In the first part, we develop the multiple hypotheses based motion compensation for the learning-based video compression, in an effort to enhance the motion compensation efficiency by providing diverse hypotheses with efficient temporal information fusion. The multiple hypotheses module is proposed to provide various hypotheses inferences from the reference frame and the hypotheses attention module is adopted to achieve more copious utilization of the multiple hypotheses. Extensive experiments show that the proposed method can significantly improve the rate-distortion performance of learning-based video compression.
In the second part, we propose an online learning scheme with optimal compact representation and hierarchical rate-distortion optimization for learning-based video compression. Specifically, the online refinement on the latent representation for each frame is introduced to obtain the optimal compact representation. Moreover, the hierarchical rate-distortion optimization is proposed to pursue higher compression efficiency, where the hierarchical weights are used for successive frames. Experimental results demonstrate that the proposed scheme can achieve admirable coding gains and outperform the state-of-the-art learning-based video compression approach.

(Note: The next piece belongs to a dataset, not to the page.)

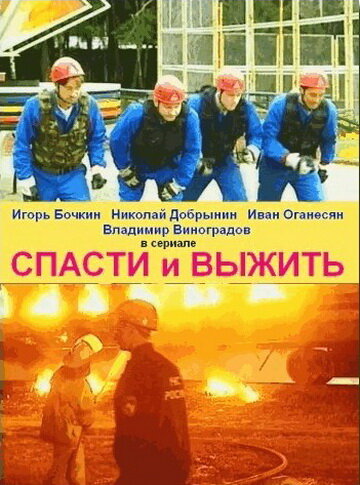 Спасти и выжить трейлер (2003)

In the third part, we present a novel quality enhancement method based on online deep learning with model compression to remove the artifacts induced by video compression. Particularly, a deep model, which absorbs and captures the characteristics of input signals, is produced and updated with the online learning strategy. To efficiently represent the to-be-signaled model information, the deep model compression is adopted by introducing the conv quantization block (CQB) and rate constraints on residue. Moreover, the rate-utility optimization is employed to select the optimal model for guaranteeing the overall performance. Extensive experiments show that our method can significantly improve the quality of compressed video.
In the fourth part, we propose a novel transformer architecture that leverages the advantages of attention mechanism and high-frequency-friendly design to effectively restore the compressed raindrop images at the framework, component, and module levels. Specifically, at the framework level, we integrate relative position multi-head self-attention and convolutional layers into the proposed low-high-frequency transformer (LHFT). At the component level, we utilize high-frequency depth-wise convolution (HFDC) with zero-mean kernels to improve the capability to extract high-frequency features. Finally, at the module level, we introduce a low-high-attention module (LHAM) to adaptively allocate the importance of low and high frequencies for effective fusion. Experimental results demonstrate that the proposed method outperforms the state-of-the-art methods.
Therefore, this thesis studies the learning-based video compression and the enhancement of compressed visual data. The deep learning techniques are systematically and specifically studied to promote the performance of learning video compression and compressed visual data enhancement. Extensive evaluations demonstrate the effectiveness of the proposed methods, which will benefit various practical applications that require efficient transmission, storage, and high quality visual data.